Now that ultrabooks have hit the mainstream, the evolution of slimmer laptops has started to undergo Darwinian mutation. Consider the oddity that is the Toshiba Satellite U845W: a compact Core i5 ultrabook that has a ridiculously wide 21:9-ratio 14.4-inch display. Neither a standard laptop screen nor an ultra-high-resolution Retina Display-type experience, the 1,792x768-pixel maximum resolution amounts to a freakshow in the computer world. Is Toshiba putting us on?
The Good
The Bad
The Bottom Line
The novelty is not as absurd in practice as you'd think. The 21:9 aspect ratio amounts to a CinemaScope-wide screen, enough to view a movie with no letterboxing. In addition to movie-watching, the screen is also ideal for side-by-side Web browsing or document editing.
I'm not going to deny that the U845W is a bit of a concept car among laptops.
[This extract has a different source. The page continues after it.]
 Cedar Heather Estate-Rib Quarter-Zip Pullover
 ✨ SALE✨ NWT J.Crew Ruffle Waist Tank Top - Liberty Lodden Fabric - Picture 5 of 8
However, its price isn't absurd: the U845W-S410 entry-level model I reviewed costs $999, squarely in the normal spectrum of ultrabook prices, although with the 500GB hard drive our configuration includes (it also has a solid-state drive), you can find similar ultrabooks lacking tricked-out screens for as low as $700.
You're buying a laptop with an extra-wide screen, better-than-average speakers, and the same internal specs you'd find in any current ultrabook. You don't get dedicated graphics for gaming, nor do you get an optical drive for DVD or Blu-ray content -- perhaps the biggest omission in a laptop geared toward HD movie watching. If you want to watch movies, get ready to stream or download them.
The other thing I can't shake after using the U845W here in my office: it feels like a 15-inch laptop with its barrel sawed off. The width of the U845W matches the average 15-incher, but the depth of the footprint is shallower than a 13-inch laptop. Shallow airline trays will love the U845W, but small backpacks, bags, and maybe even your lap won't like the surfboard shape quite as much.
The Satellite U845W earns props for being a clever, even cleverly useful laptop depending on who you are, at a price that's not egregious. It's just not -- big surprise -- for everyone, simply because that big, wide screen isn't necessary. And, in the end, that screen will cost you money: consider that the Satellite U845-S406, a similar laptop in terms of CPU, RAM, and hard drive without the wide screen and improved speakers, costs $879.